W KDE jest opcja Przełącz użytkownika. Tworzy ona nową sesje X-ów na której możesz zalogować kolejnego użytkownika. Możesz to zrobić własnoręcznie uruchamiając kolejną sesję w podobny sposób jak KDE. Kiedyś był poradnik jak uruchamiać kolejne sesje.

----------

## v7n

jeśli korzystasz z xdm, to możesz załatwić sprawę elegancko poprzez skompilowanie xscreensaver'a z flagą new-login. jak przychodzi ktoś, kto chce pograć w sapera, to odpalasz xscreensaver-command -lock naciskasz guzik New Login. wtedy odpala się xdm na tty8 i drugi user może się zalogować podczas gdy Twoja sesja na tty7 jest cały czas zablokowana.

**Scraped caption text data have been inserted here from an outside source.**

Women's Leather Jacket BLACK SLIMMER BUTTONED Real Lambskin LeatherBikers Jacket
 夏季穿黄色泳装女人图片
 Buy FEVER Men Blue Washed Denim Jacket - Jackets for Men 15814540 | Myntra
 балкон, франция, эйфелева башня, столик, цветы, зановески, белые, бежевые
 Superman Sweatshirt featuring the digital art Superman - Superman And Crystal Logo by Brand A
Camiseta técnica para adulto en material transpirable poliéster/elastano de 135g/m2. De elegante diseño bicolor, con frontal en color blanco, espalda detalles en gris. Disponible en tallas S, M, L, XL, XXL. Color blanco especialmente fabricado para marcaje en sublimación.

a jak nie masz xdm, to styknie jakikolwiek wygaszacz ekranu z możliwością blokowania dostępu na hasło (  :Wink:  ). wtedy ręcznie przełączasz się na tty2, nowy user się loguje, wpisuje startx -- :8 i iksy nowego usera odpalają się na tty8.

----------

## Zwierzak

 *v7n wrote:*   

> jeśli korzystasz z xdm, to możesz załatwić sprawę elegancko poprzez skompilowanie xscreensaver'a z flagą new-login. jak przychodzi ktoś, kto chce pograć w sapera, to odpalasz xscreensaver-command -lock naciskasz guzik New Login. wtedy odpala się xdm na tty8 i drugi user może się zalogować podczas gdy Twoja sesja na tty7 jest cały czas zablokowana.

 

KDM ma dokładnie tę samą funkcjonalność. Dlatego KDE z niej korzysta.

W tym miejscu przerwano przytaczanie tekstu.